And the campus at Franco goes quiet.
While not every student has left the school grounds, 96% of them have and the dormitories have gone quiet. Walking around the campus I don't find that I get to say hi very often as there is nobody left to say hi to save the teachers who are still living on campus and some of the staff who remain at their posts. But in all, there is not a lot of action right now.
Their exams ended on the 3rd of February and several found taxis to the main station the moment they were given permission to leave. Others took time to pack up their belongings and do some last minute cleaning of their halls and rooms before heading home on Saturday. Our computer lab had zero students inside last night; nobody studying for their Cape Coast exam, not a soul checking Facebook to see what their friends had posted on their Walls. Very quiet.

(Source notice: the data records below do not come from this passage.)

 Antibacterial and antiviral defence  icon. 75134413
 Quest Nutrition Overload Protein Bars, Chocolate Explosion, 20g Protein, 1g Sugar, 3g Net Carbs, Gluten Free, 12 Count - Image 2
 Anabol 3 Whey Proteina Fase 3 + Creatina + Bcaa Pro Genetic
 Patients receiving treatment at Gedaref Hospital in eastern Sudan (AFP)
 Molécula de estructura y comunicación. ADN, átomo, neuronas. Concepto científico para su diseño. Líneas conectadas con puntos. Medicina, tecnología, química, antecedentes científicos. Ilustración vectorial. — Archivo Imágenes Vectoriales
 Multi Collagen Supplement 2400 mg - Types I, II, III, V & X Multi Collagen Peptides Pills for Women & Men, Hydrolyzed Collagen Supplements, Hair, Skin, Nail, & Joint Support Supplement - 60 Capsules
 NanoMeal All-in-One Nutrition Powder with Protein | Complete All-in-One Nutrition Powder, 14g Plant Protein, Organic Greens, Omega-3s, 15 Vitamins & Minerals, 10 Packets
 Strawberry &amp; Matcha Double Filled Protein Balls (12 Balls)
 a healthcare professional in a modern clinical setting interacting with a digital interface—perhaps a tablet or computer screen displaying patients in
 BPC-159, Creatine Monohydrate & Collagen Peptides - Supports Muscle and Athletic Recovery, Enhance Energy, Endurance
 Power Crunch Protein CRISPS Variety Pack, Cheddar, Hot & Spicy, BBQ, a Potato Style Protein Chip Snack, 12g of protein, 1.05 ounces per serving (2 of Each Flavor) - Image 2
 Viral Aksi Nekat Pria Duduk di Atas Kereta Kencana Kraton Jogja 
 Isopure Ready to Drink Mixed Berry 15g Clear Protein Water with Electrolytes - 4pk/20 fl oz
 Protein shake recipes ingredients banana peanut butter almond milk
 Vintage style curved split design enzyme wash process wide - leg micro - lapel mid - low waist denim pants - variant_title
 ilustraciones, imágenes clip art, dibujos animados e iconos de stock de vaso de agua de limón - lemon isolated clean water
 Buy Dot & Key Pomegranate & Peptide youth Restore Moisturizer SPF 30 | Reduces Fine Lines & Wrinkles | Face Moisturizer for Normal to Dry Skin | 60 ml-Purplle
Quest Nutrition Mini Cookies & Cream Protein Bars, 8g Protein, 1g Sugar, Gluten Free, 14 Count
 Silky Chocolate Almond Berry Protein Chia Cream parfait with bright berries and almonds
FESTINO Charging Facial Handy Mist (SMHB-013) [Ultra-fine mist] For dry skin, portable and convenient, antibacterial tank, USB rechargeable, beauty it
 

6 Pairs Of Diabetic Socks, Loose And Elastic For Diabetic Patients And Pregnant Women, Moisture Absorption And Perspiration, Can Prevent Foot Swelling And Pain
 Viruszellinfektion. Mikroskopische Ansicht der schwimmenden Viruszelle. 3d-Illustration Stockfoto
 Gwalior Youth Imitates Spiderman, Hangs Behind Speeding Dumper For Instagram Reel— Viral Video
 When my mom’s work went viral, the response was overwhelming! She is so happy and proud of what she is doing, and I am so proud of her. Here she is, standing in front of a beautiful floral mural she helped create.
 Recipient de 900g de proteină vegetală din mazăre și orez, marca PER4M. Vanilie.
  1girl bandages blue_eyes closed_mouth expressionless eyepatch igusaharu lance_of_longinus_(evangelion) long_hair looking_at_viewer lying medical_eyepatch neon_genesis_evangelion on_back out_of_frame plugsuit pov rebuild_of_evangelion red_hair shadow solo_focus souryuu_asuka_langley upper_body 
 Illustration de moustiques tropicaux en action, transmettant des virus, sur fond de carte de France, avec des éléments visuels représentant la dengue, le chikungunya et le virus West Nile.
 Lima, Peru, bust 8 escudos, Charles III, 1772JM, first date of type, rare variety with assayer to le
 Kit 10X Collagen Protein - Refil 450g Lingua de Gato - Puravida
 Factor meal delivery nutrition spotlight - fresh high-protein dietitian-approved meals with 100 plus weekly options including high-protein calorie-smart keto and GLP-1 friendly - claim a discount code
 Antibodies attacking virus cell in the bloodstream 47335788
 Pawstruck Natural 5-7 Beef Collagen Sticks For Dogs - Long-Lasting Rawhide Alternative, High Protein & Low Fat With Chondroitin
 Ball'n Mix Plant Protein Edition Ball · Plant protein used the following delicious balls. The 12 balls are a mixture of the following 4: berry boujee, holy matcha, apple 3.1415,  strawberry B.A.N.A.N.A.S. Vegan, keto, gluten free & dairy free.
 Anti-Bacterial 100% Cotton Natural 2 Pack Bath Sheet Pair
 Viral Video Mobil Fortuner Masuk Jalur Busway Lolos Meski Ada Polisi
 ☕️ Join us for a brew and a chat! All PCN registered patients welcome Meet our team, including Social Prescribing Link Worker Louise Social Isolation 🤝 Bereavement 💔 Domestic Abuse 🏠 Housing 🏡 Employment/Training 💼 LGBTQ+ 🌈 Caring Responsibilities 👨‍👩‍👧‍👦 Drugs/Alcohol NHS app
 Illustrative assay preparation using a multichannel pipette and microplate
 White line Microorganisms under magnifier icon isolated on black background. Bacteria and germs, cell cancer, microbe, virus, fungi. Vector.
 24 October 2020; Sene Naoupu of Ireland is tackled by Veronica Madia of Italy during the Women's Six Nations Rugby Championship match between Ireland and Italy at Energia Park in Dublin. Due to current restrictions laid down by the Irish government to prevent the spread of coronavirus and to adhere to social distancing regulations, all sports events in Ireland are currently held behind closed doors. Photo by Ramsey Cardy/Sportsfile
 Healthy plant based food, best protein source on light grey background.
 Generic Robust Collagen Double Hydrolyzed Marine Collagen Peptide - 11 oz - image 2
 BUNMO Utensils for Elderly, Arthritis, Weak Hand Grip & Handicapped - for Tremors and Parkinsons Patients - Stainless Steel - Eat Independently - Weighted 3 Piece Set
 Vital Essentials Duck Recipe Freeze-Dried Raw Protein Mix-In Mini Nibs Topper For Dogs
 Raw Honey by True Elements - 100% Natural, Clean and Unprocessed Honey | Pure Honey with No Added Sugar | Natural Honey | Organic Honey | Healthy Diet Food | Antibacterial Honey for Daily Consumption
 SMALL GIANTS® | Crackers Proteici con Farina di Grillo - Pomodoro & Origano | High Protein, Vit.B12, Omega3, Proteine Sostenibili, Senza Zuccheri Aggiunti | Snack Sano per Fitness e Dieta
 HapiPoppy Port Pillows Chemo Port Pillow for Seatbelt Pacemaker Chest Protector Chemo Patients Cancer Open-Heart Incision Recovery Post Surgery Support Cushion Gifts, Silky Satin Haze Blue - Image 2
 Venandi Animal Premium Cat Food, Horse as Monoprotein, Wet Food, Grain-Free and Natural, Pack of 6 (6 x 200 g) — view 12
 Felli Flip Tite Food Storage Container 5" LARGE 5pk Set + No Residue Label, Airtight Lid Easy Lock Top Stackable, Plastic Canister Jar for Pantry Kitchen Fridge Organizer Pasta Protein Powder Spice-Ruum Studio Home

That isn't to say that it is quiet at my house or that I have resigned myself to sleeping all hours of the day. Not in the least. Yesterday the bungalow on campus where I live turned into the meeting house for the Camp GLOW (Girls Leading Our World) which takes place next week in Hohoe. I am hoping to have a little time to do an over-arching computer lesson for them provided they have the time. Should be fun as several volunteers have stated that they don't have computers to use in their studies of ICT.
During the camp I will be receiving a visitor from the U.S. near Valentine's day. My friend Joe is visiting and I hope to show him around a bit of my area and see what else he might want to take in while he is here. There are a lot of things to see around my area, but after three days, well, you need to find something else to do.
Just to be sure, it is still the dry season. It has not rained since late October or early November, so we are still dry on the ground. The humidity has increased slightly along with the residual heat at night making for more uncomfortable sleeping weather. I am just very thankful that the electricity has been on at night to power the ceiling fan. That is very beneficial.
Otherwise, my thoughts are continually turning to the end of the journey here in Peace Corps and a bit of reflection on what two years will have done to me. So far it has been a fun ride, but I do find myself wanting to get off the bus soon and parking myself back in America for a long while. Just over the horizon, about five months distance.